Here's a warm up drill I use every once in a while using a wedge or mid iron. I seem to get good results later on when actually playing warming up this way. 

I set up to the ball in my normal fashion. I start my back swing using the one piece take away. Just before the club head starts to moving upwards I note "that point" on the line behind the ball. I don't swing the club head any farther backwards or up. 

Next I put the club head on the turf behind the ball on "that point" I identified earlier. Keeping my hands ahead of the club head, I drag the club head along, just barely touching the turf into the back of the ball, while at the same time turning my hips out of the way of the club handle. The idea is to push the ball forward a few feet.

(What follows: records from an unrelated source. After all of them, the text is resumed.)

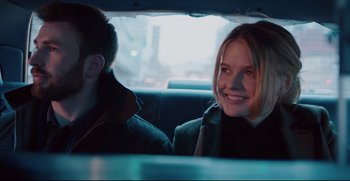Movie still from “Before We Go” (2014), directed by Chris Evans – A man and a woman sitting in the back of a car; Close Up shot, Over the shoulder angle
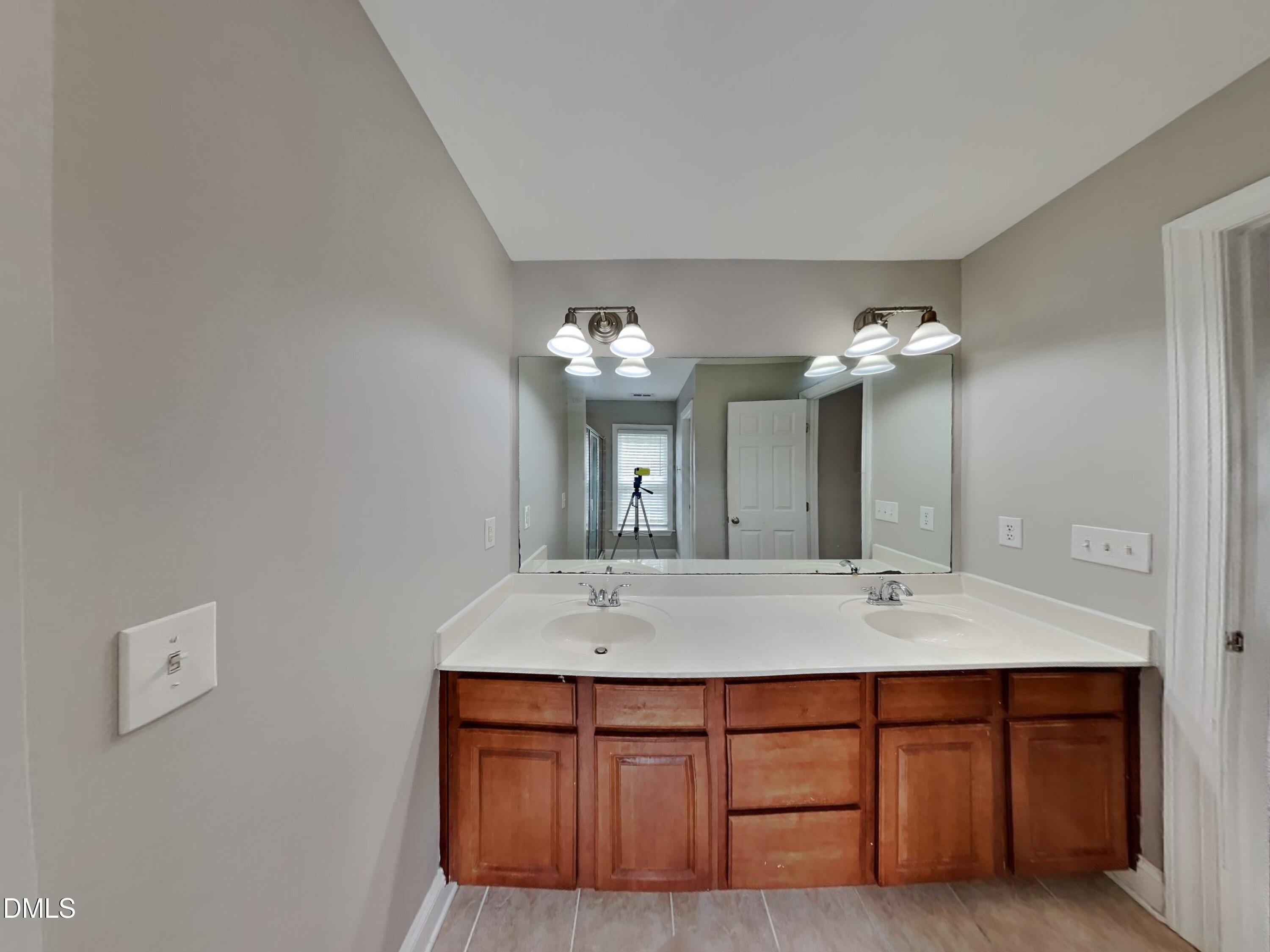 9531 Waterwood Court Raleigh, NC 27614 - Photo 10 of 19 a bathroom with a double vanity sink and a mirror
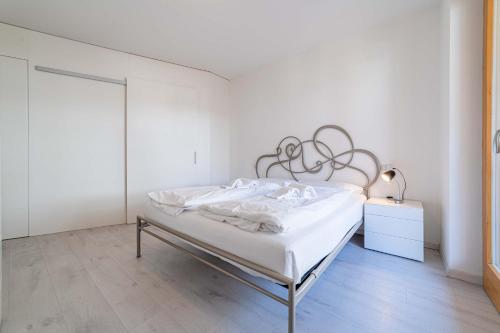 ein weißes Schlafzimmer mit einem Bett mit einem Kopfteil aus Metall in der Unterkunft Olivia Home in Caprile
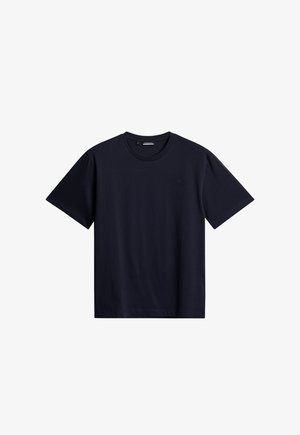 T-shirt en coton bleu marine avec un col rond, des manches courtes et un logo embossé discret sur la poitrine. Texture lisse et coupe régulière.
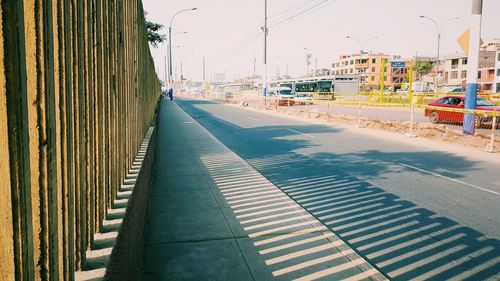 Vehicles on road against buildings in city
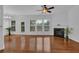 Bright living room with a fireplace, a ceiling fan, and large windows offering plenty of natural light at 1929 Brightleaf Way, Marietta, GA 30060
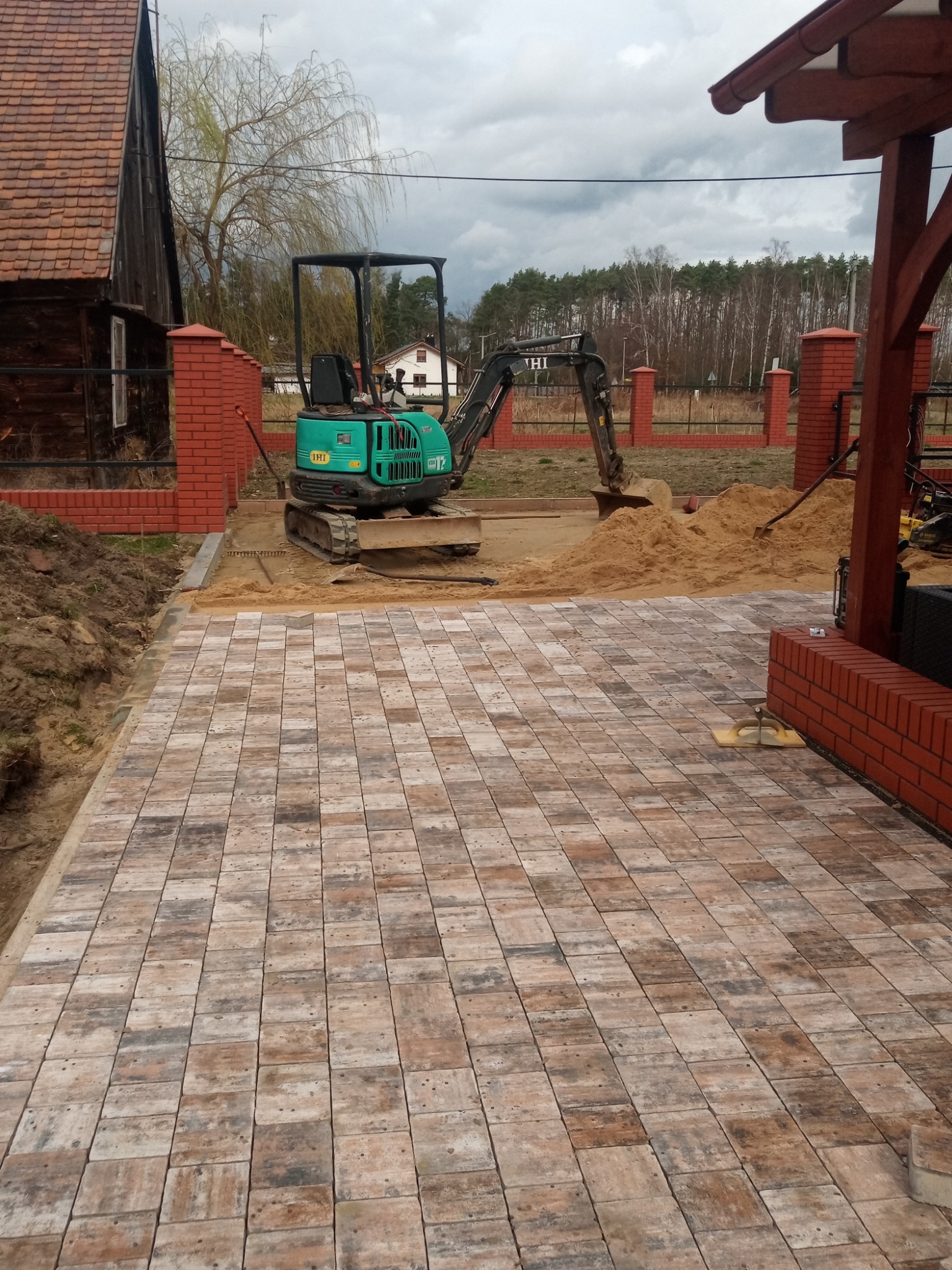 Ułożona kostka brukowa w odcieniach brązu i szarości, z widocznym mini-koparką przygotowującą teren pod dalsze prace, ceglane słupki ogrodzeniowe w tle i częściowo wykopana ziemia po lewej stronie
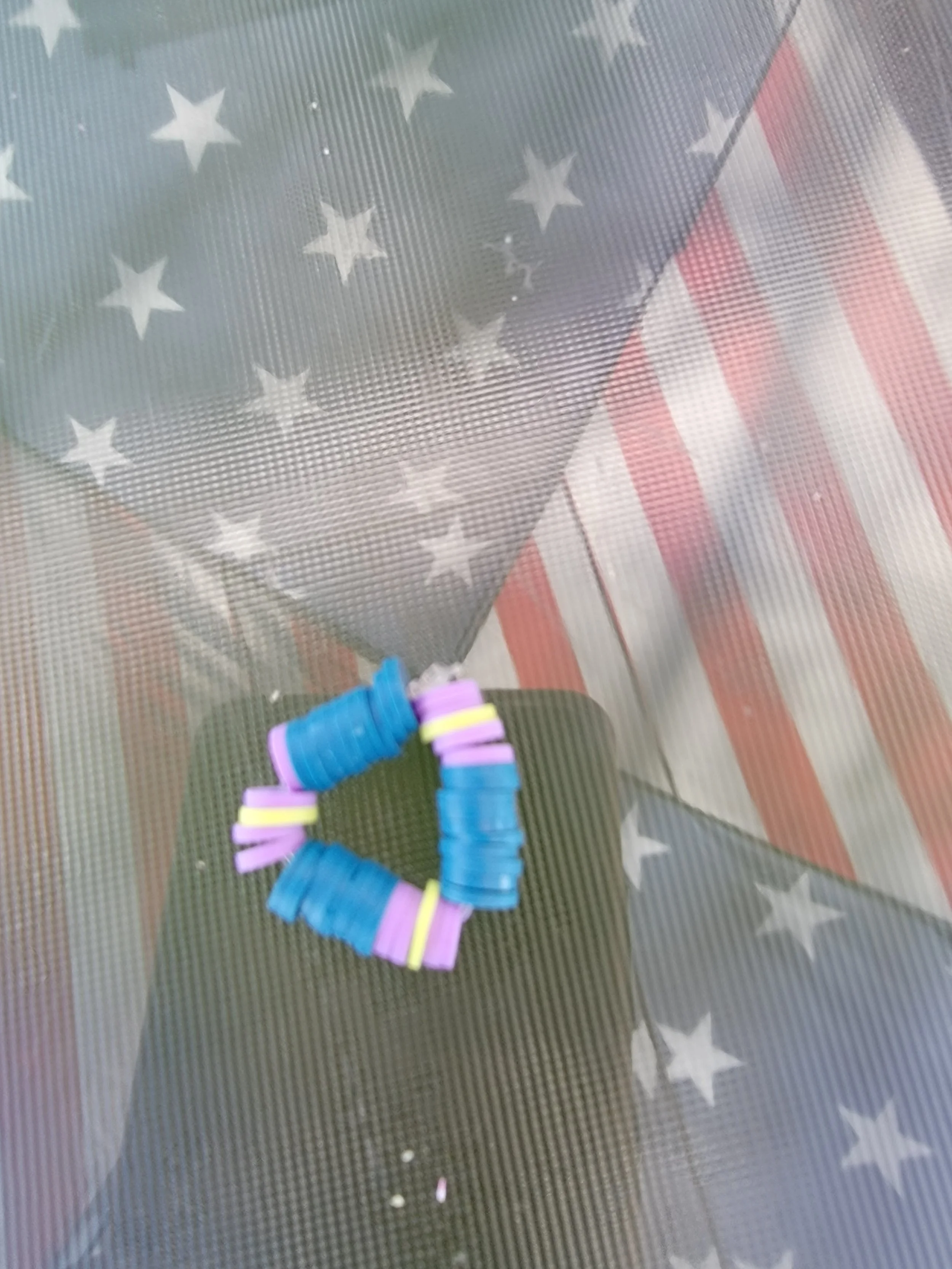 Colorful plastic bracelets arranged in a heart shape on a glass surface with an American flag pattern behind it.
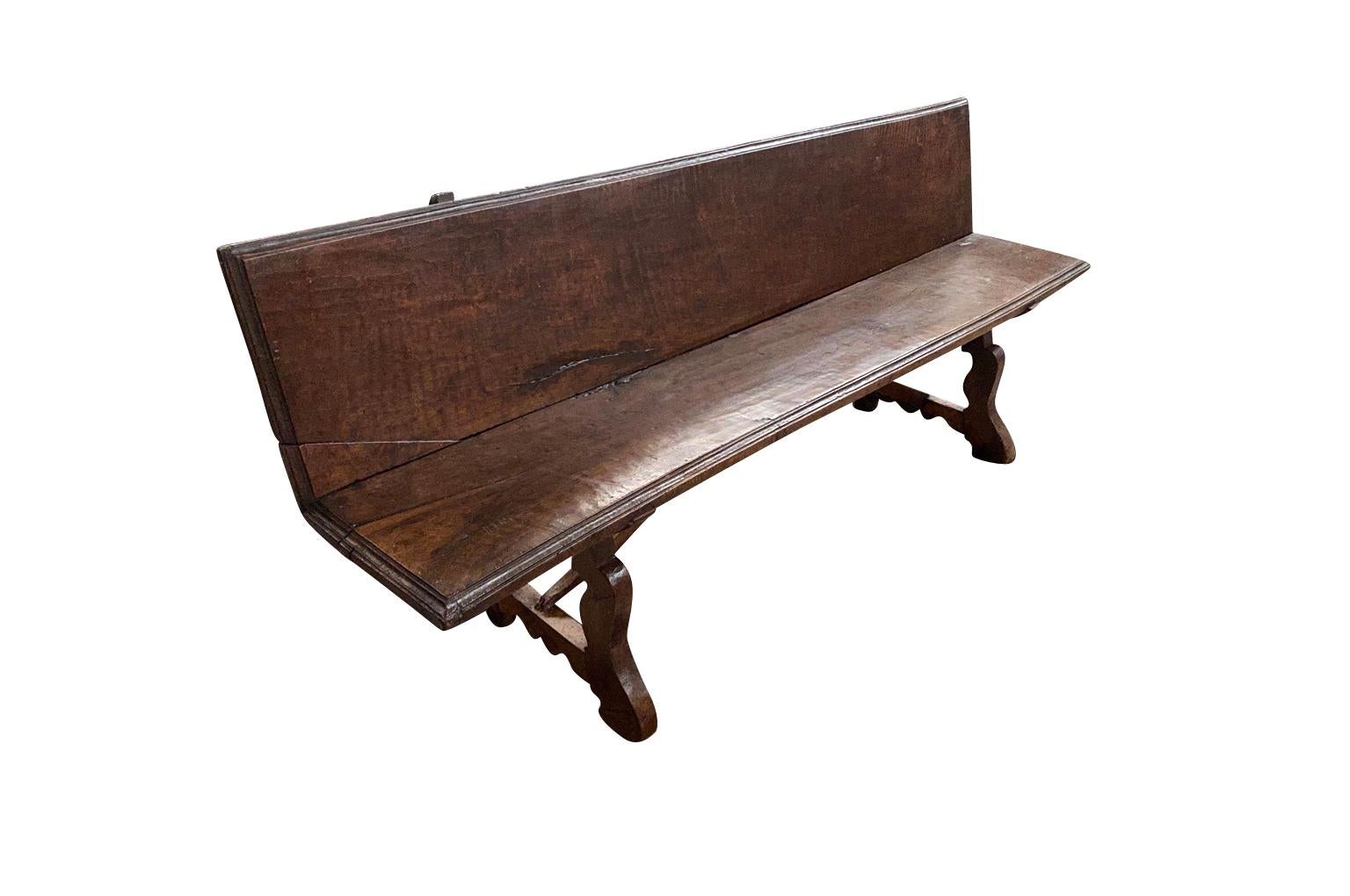 A very handsome 18th century Spanish bench constructed from solid board planks of walnut. Sensational patina. The seat height is 18 5/8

After doing this for 5, or 10 times, I do the same thing, but now I am not letting the club head touch the turf at all, until after I have hit the ball. After hitting the ball I extend my right hand/arm out towards the target, again just barely following my hip turn. After doing this for a few times, I do the same thing only I increase the length of my back swing. Eventually I am hitting the ball with 3/4 swings, or at least shoulder high swings. 

The whole idea of this drill is two fold. First of all it helps me to have my hands leading the club head into the back of the ball when using my irons. It helps to get the feel of holding the lag longer. Second it it helps with turning my hips out of the way, while extending my right arm out towards my intended target. I don't worry about the release point, as it just seems to happen naturally. I know when I do it right because it feels so effortless, and the ball flies towards my intended target. This drill also helps with all my longer clubs.

It will work for some, but not others. It can be varied by the individual to help get the correct feel for releasing the club into the impact zone. :dunno:


----------